January 1, 1826

MY DEAR PARENTS,—I wish you all a Happy New Year! Kiss my little ones as a New Year's present from me, which must answer until I visit them, when I shall bring them each a present if I hear good accounts from them….

The new year brings with it many painful reflections to me. When I consider what a difference a year has accomplished in my situation; that one on whom I depended so much for domestic happiness at this time last year gave me the salutations of the season, and now is gone where years are unknown; and when I think how mysteriously I am separated from my little family, and that duty may keep me I know not how much longer in this solitary state, I have much that makes the present season far from being a Happy New Year to me. But, mysterious as things seem in regard to the future, I know that all will be ordered right, and I have a great deal to say of mercy in the midst of judgment, and a thousand unmerited blessings with all my troubles.

But why do I talk of troubles? My cup is overflowing with blessings. As far as outward circumstances are concerned, Providence seems to be opening an honorable and useful course to me. Oh! that I may be able to bear prosperity, if it is his will to bestow it, or be denied it if not accompanied with his blessing….

I am much engaged in my lectures, have completed two, nearly, and hope to get through the four in season for my turn at the Athenæum. These lectures are of great importance to me, for, if well done, they place me alone among the artists; I being the only one who has as yet written a course of lectures in our country. Time bestowed on them is not, therefore, misspent, for they will acquire me reputation which will yield wealth, as mother, I hope, will live to see.
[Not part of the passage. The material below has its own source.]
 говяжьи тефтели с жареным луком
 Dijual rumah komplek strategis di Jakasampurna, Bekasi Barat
"January 15, 1826. On this day I seem to have the only moment in the week in which I can write you, for I am almost overwhelmed by the multitude of cares that crowd upon me…. I find that the path of duty, though plain, is not without its roughness. I can say but in one word that the Association of Artists, of whom I am president, after negotiations of some weeks with the Academy of Fine Arts to come into it on terms of mutual benefit, find their efforts unavailing, and have separated and formed a new academy to be called, probably, the National Academy of the Arts of Design. I am at its head, but the cares and responsibility which devolve on me in consequence are more than a balance for the honor. The battle is yet to be fought for the need of public favor, and were it not that the entire and perfect justness of our cause is clear to me in every point of view, I should retire from a contest which would merely serve to rouse up all the 'old Adam' to no profit; but the cause of the artists seems, under Providence, to be, in some degree, confided to me, and I cannot shrink from the cares and troubles at present put upon me. I have gone forward thus far, asking direction from above, and, in looking around me, I feel that I am in the path of duty. May I be kept in it and be preserved from the temptations, the various and multiplied and complicated temptations, to which I know I shall be exposed. In every step thus far I feel an approving conscience; there is none I could wish to retrace….
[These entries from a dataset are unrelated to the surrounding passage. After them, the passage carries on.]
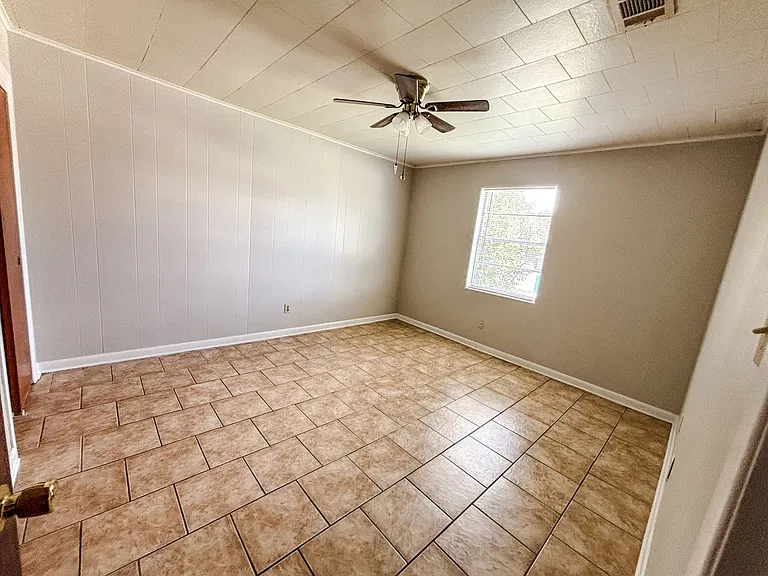 318 Porter Ave — Photo 12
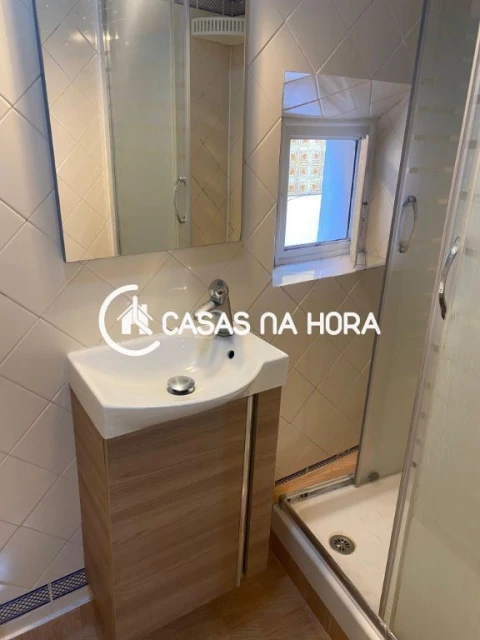 Apartamento T1 para Venda em Santa Maria Maior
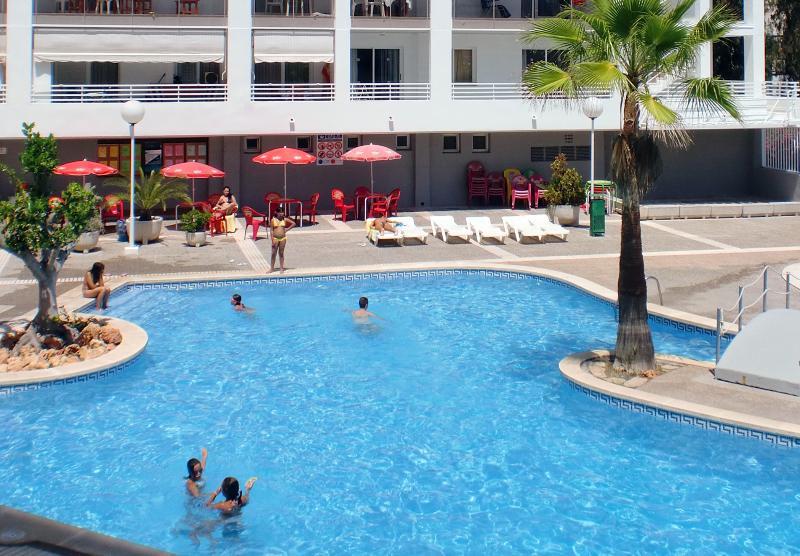 Apartbeach Royal Apartments Salou Buitenkant foto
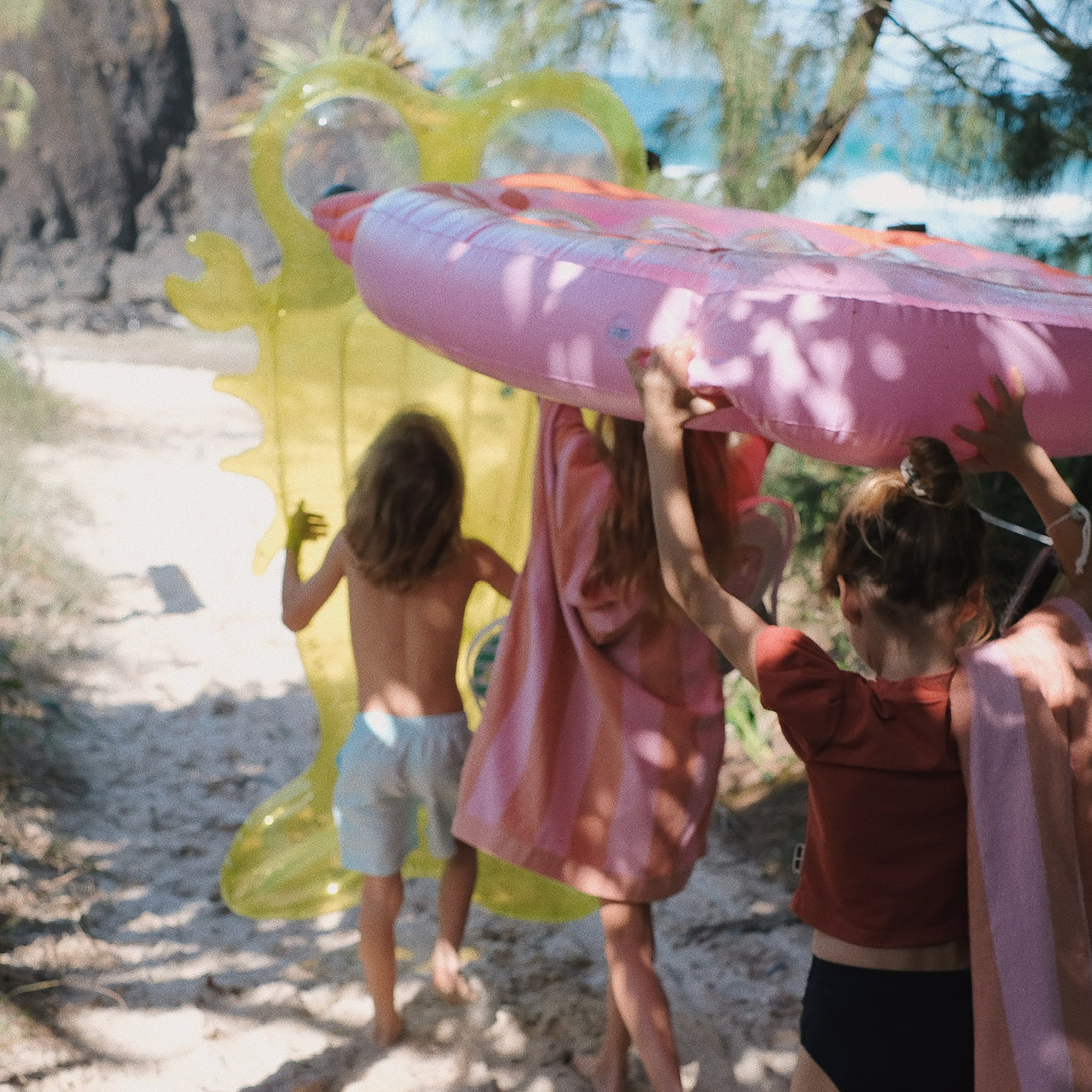 sunnylife-luxe-lie-on-float-strawberry-pink-berry-sunl-s3lliesb- (12)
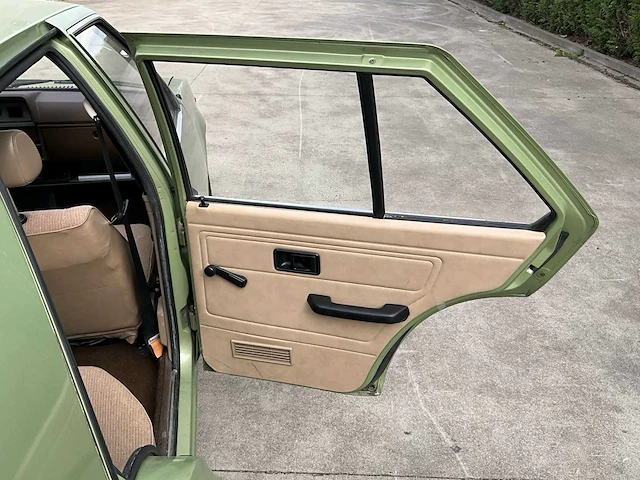 1983 mitsubishi colt - afbeelding 41 van  61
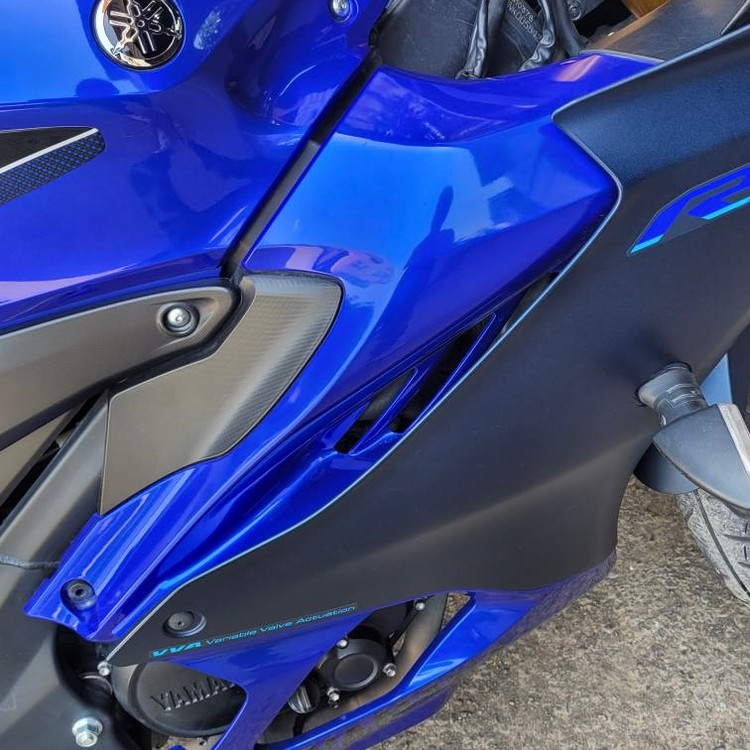فلاپ زیر فلاپ راهنما راست YAMAHA R15 V4 ابی ساخت اندونزی اصل کد 201980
"I fear you will think I have but few thoughts for you all at home, and my dear little ones in particular. I do think of them, though, very often, with many a longing to have a home for them under a parent's roof, and all my efforts now are tending distantly to that end; but when I shall ever have a home of my own, or whether it will ever be, I know not. The necessity for a second connection on their account seems pressing, but I cannot find my heart ready for it. I am occasionally rallied on the subject, but the suggestion only reminds me of her I have lost, and a tear is quite as ready to appear as a smile; or, if I can disguise it, I feel a pang within that shows me the wound is not yet healed. It is eleven months since she has gone, but it seems but yesterday."

"April 18, 1826. I don't know but you will think I have forgotten how to write letters, and I believe this is the first I have written for six weeks.
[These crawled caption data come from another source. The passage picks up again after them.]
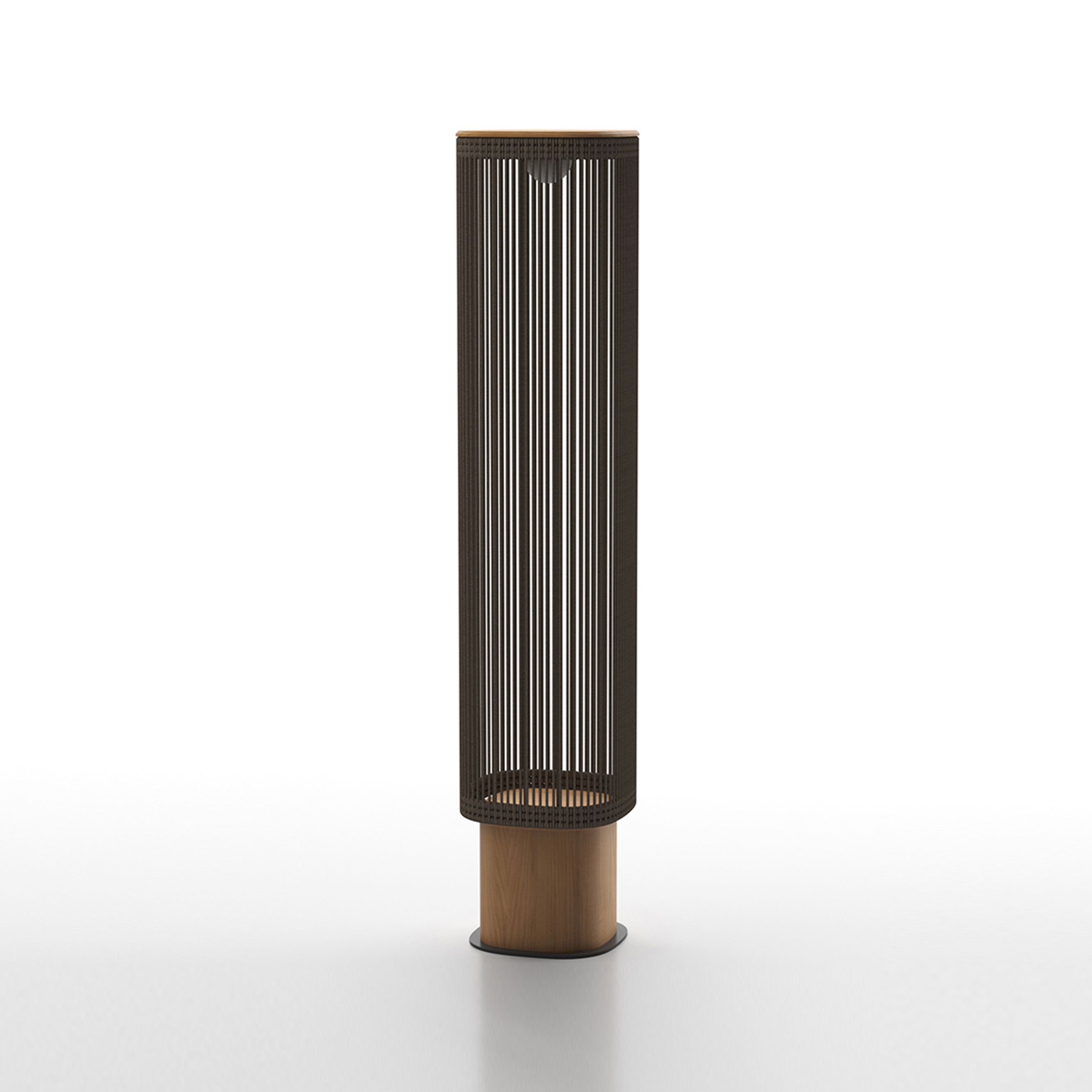Mostra il prodotto Anya High Stand Lamp H147cm del produttore Design Pergola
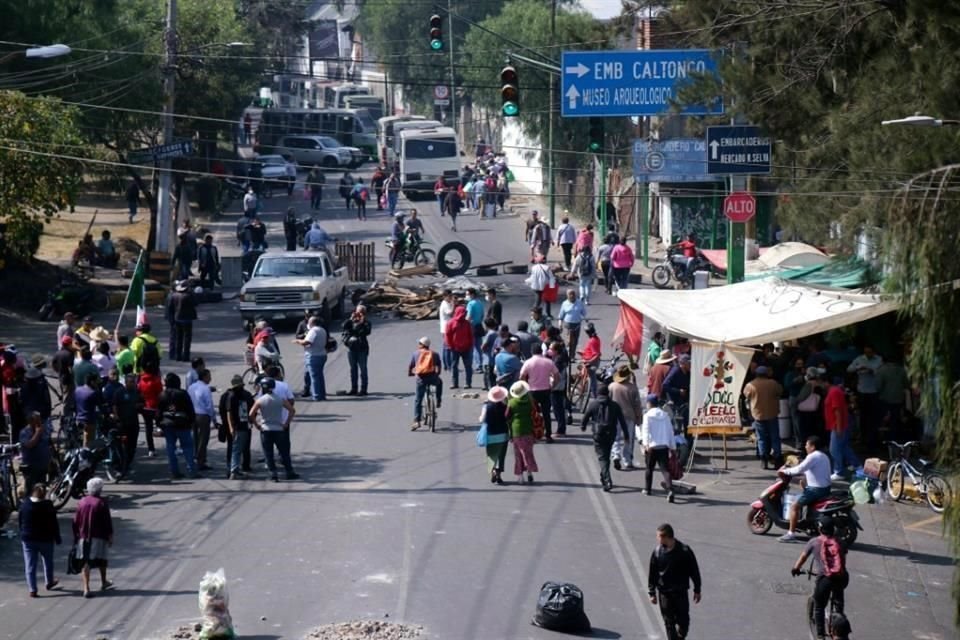 Panistas acusaron al Secretario de Gobierno, Martí Batres, de no tener capacidad de diálogo con habitantes de San Gregorio Xochimilco.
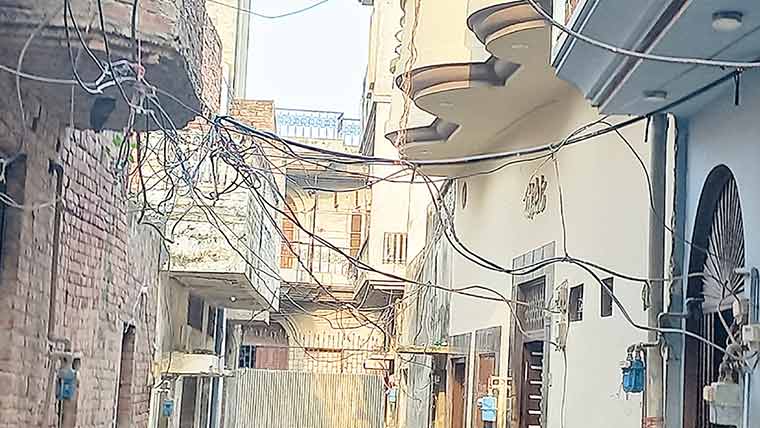 علی پور چٹھہ :گیپکو حکام کی نااہلی،گلیوں،بازاروں میں لٹکتے ننگے تار شہریوں کیلئے خطرہ 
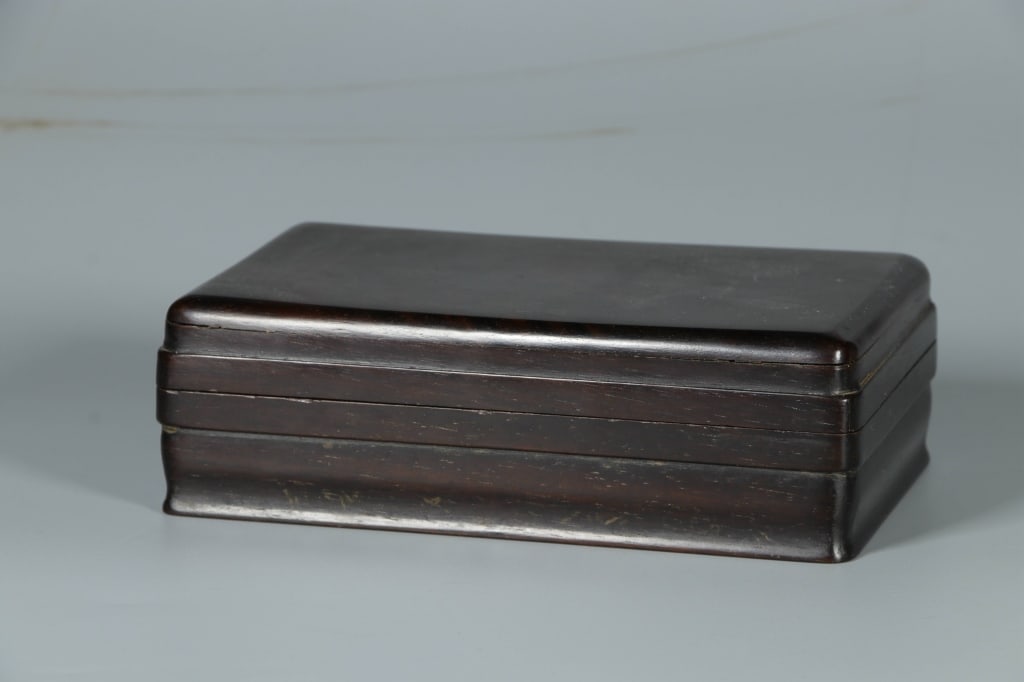 Chinese Zitan Wood Jewelry Box: Dimension : 15x9x5cm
"The pressure of my lectures became very great towards the close of them, and I was compelled to bend my whole attention to their completion. I did not expect, when I delivered my first, that I should be able to give more than two, but the importance of going through seemed greater as I advanced, and I was strengthened to accomplish the whole number, and, if I can judge from various indications, I think I have been successful. My audience, consisting of the most fashionable and literary society in the city, regularly increased at each successive lecture, and at the last it was said that I had the largest audience ever assembled in the room.

"I am now engaged on Lafayette in expectation of completing it for our exhibition in May, after which time I hope I shall be able to see you for a day or two in New Haven. I long to see you all, and those dear children often make me feel anxious, and I am often tempted to break away and have a short look at them, but I am tied down here and cannot move at present. All that I am doing has some reference to their interest; they are constantly on my mind.